July 25, 2005


I was reading Irwin Stelzer's Letter from Londonistan (at the suggestion of JVL at Galley Slaves), and realized that this statement early in the piece was speaking to me:

...it is important to scotch the myth that Britain and America have similar and equally effective responses to the terrorist attacks they have suffered. The hard fact is that America has decided that it is engaged in a war, while Britain has decided that it is confronted with what the leader of the Tory party (historically the foreign policy tough guys) calls a "criminal conspiracy" and the Economist calls a "'war on terror,'" complete with quotation marks. Put differently, 7/7 has evoked a policy response very different from 9/11.

All we heard in our media after 7/7 was how the stoic Brits insisted on getting on with their daily routines, not about to let the bombers keep them from their after-work pint or their morning tea. And I'm sure that the average person did respond in this way. Some with stoicism, some with anger, some with heroism, most with determination to carry on and not to let the terror succeed in its purpose. But Stelzer's piece is about the British government response, not that of the man-on-the-street. What I hadn't really grasped is the extent to which forces of multiculturalism have made the government impotent to act as if it is at war, or even to admit the existence of such a thing.
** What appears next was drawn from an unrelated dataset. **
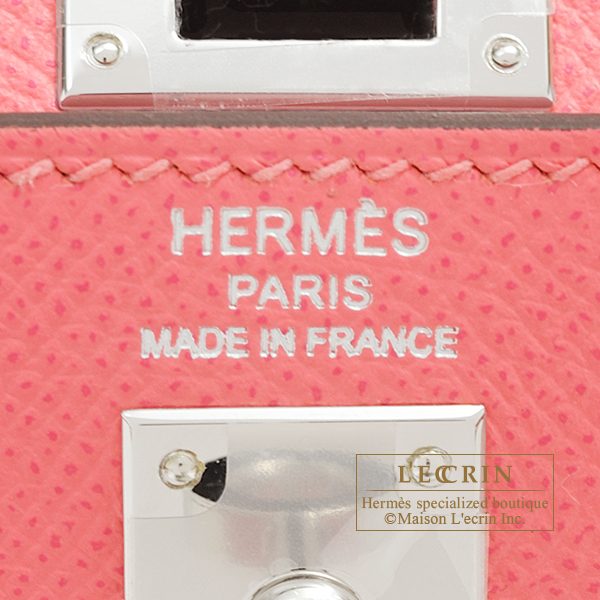 Hermes Calvi Duo Rose azalee Epsom leather Silver hardware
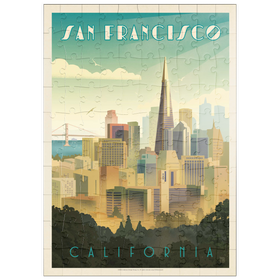 Darstellung des Puzzle Motivs San Francisco, CA: Tower View, Vintage Poster - Puzzleteile: 100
I suppose the differences in the responses to terror between the U.S. and Britain, as expressed in government policies, would be easier to understand if we could imagine that the 9/11 hijackers had been U.S. citizens living and working in Topeka.
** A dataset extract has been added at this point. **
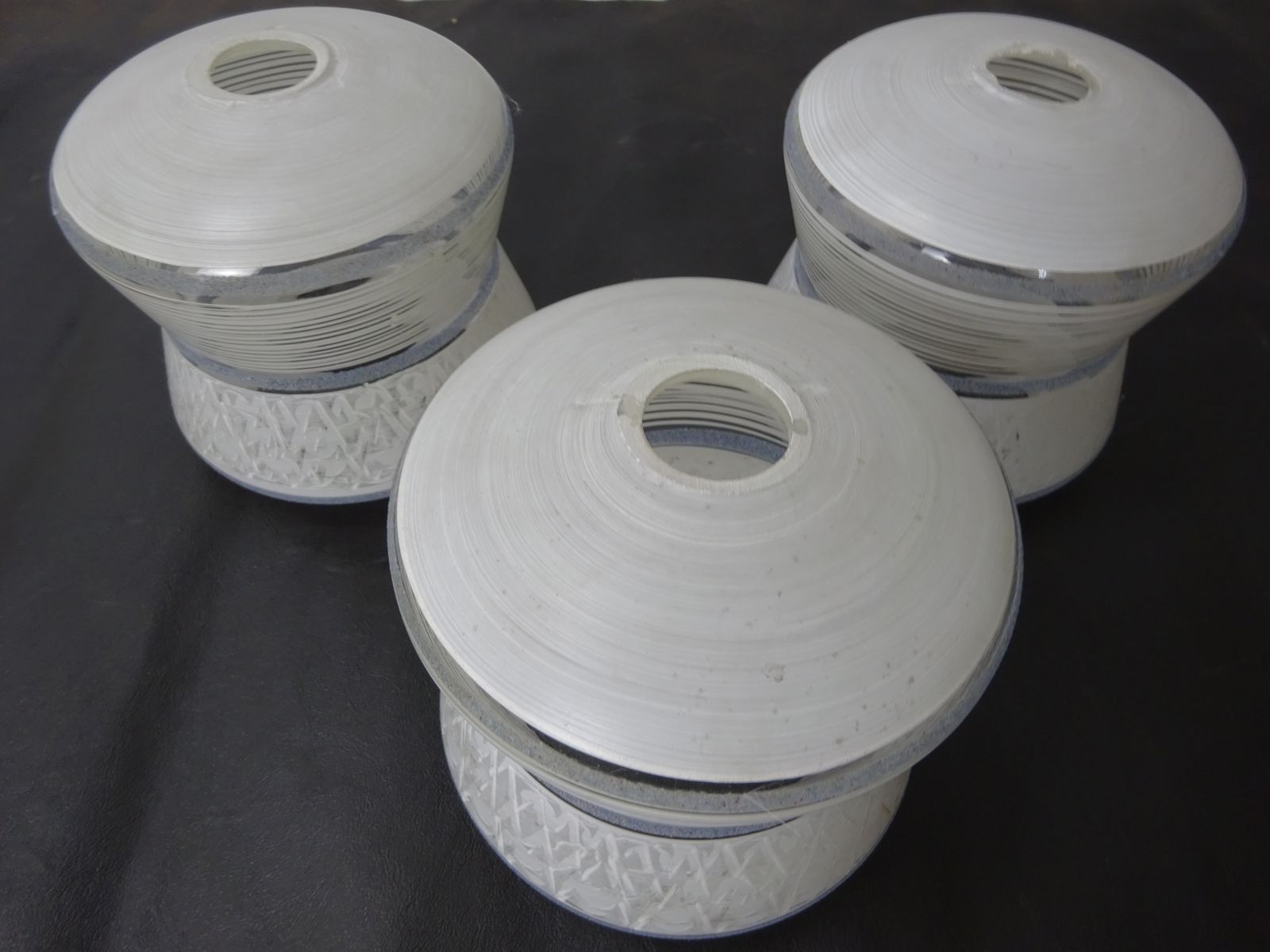 Set Of Three Mid Century Glass Pendant Light Shades photo buy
One reason for the widely different responses is that America was attacked by foreigners, whereas Brits were horrified to learn that they had been attacked by fellow citizens. Americans know it is "us" against "them," whereas Brits know that "they" are also "us."

But the differences aren't all governmental, they're cultural...

British culture now dictates a confused response to terrorists. Start with the unwillingness of the majority of the British people to recognize that they are indeed in a war. The flak-jacketed, heavily armed men and women lining my road to Heathrow last week were cops, not troops. America is at war, Britain is playing cops and criminals. These are very different things, with important implications for policy...

...As if the decision to treat terror as a criminal matter did not place a large enough impediment in the path of the security forces, we have the infatuation of the British establishment with multiculturalism, and the pride with which its members and the left-wing press point out that 300 languages (soberer sources put the number at half that) are spoken in London.

The consequences of this equation of multiculturalism with the virtue of tolerance began with a refusal of the Blair government to get control of Britain's borders. As a result, there are hundreds of thousands--no one, including the government, knows for sure just how many--of illegal immigrants roaming around Britain. And many of these are not at all like the Mexicans who come to America to find work. They are attracted by the generous welfare payments to which they seem to have immediate and unrestricted access, and in many cases by the freedom to preach jihad.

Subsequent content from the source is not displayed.